I'm still puzzling out the SS Camlough's last disastrous trip in January of 1932 from the various conflicting newspaper reports.

I've got two follow-up questions from my earlier post. 

An answer to that post established from a newspaper report published December of 1920 (on the day before Camlough was launched) that she was 'expected to attain a speed of 11 knots.' In the absence of published information about her performance in steam trials, at the moment, I'm taking this as a notional maximum speed (or might this have been a 'working speed'?).

The Camlough was launched on 10/12/1920 and her details are:

Tonnage Length Breadth Depth Draft
540 grt / 205 nrt / 620 dwt 166.9 ft 26.6 ft 9.9 ft

Engine builder William Simons & Co. Ltd., Renfrew

Engine detail
1- Screw T.3-cyl. (14", 24" & 40" x 30 ") 89 hp

So...

FIRST QUESTION: What would have been an economical traveling speed for the Camlough, if her maximum was about 11 knots? I'm presuming that she would not have been steaming full out unless there was a specific need for speed. 

Her last voyage (interrupted by trouble with the engine) was travelling light between Belfast and Birkenhead, where she had been scheduled to pick up a load of coal for Cork. The weather had been exceptionally calm at their early morning departure from Belfast, and the wind only started to freshen about mid-day.

Knowing the speed she might have been traveling under these conditions helps with some further understanding of what happened that day.

We know that she was taking a southerly route to Birkenhead, heading around the Isle of Man skirting the Calf of Man and the Chicken Rocks. The outward journey in good weather for the first six hours or so (departure from Belfast being variously given as 6.31 am and 'about 7 am') with the dead calm weather conditions changing when the wind starting to freshen around mid-day. Engine trouble occurred at 7.45 pm. 

They managed to do some partial repairs, got the engine going but not at full power.
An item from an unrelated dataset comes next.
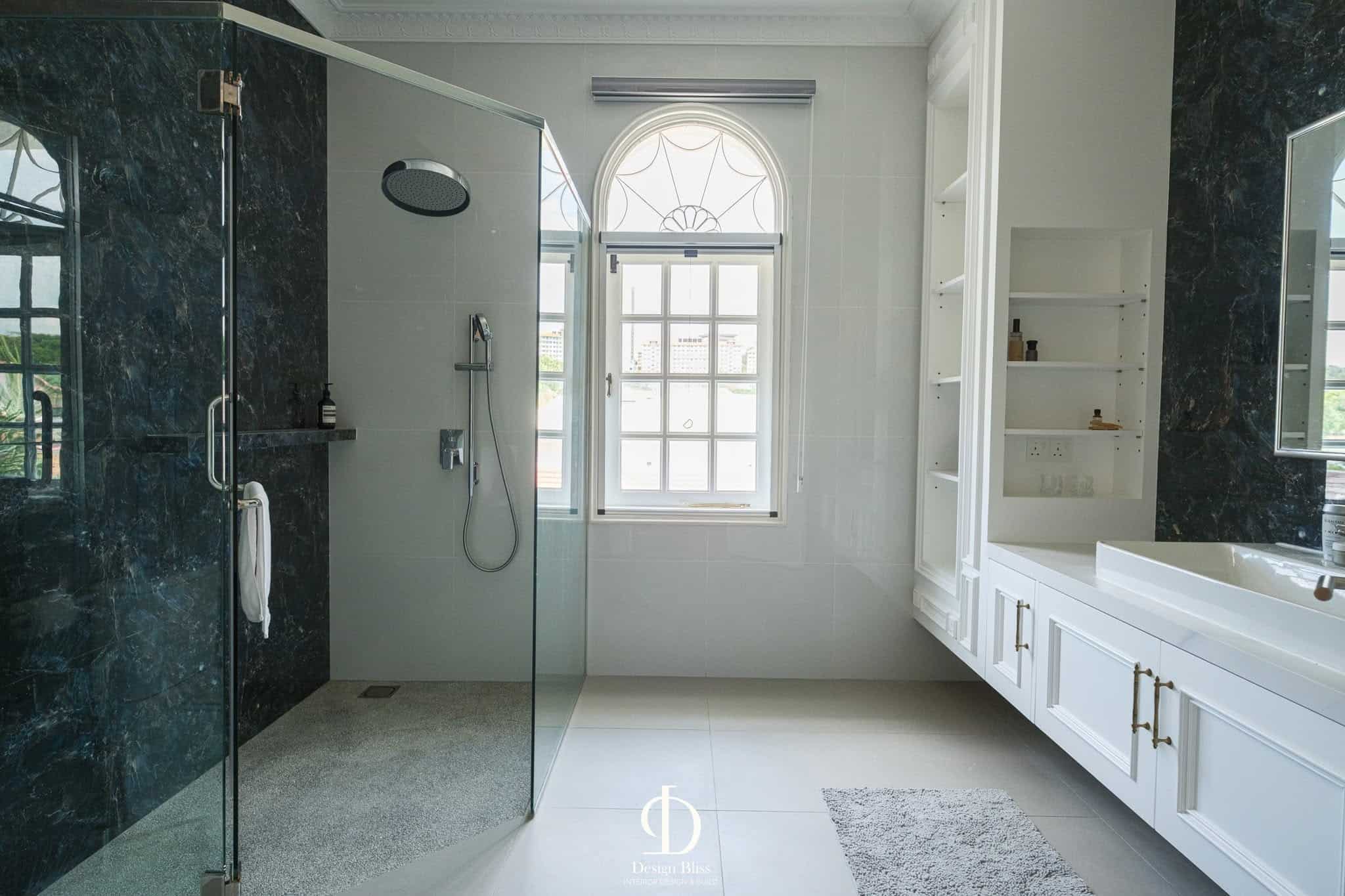 Véra Maison master bathroom with glass shower, dark marble surfaces and white vanity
The captain decided to return to Belfast (despite a developing storm) and the ship made 'good headway' in that direction for the next four hours - traveling about 15 miles in four hours - estimated speed of four knots. 

So my SECOND QUESTION is:

HOW FAR ON HER ROUTE towards Birkenhead would Camlough have likely gone by the time the engine trouble occurred?

The Camlough would have had more than 12 hours of clear travel time, 'traveling light', with the first half of her travel in very calm weather conditions by the time the engine first failed. 

I'm developing a suspicion that when the the Captain decided to limp back to Belfast under reduced power rather than finish the outward journey, the ship was actually closer to Birkenhead than to Camlough's home port of Belfast.

Can anyone confirm this likelihood?


----------



## Monreith Boy (Mar 17, 2018)

*Camlough's travelling speed*

I'm developing a suspicion that when the the Captain decided to limp back to Belfast under reduced power rather than finish the outward journey, the ship was actually closer to Birkenhead than to Camlough's home port of Belfast.

Can anyone confirm this likelihood?

Yup!


----------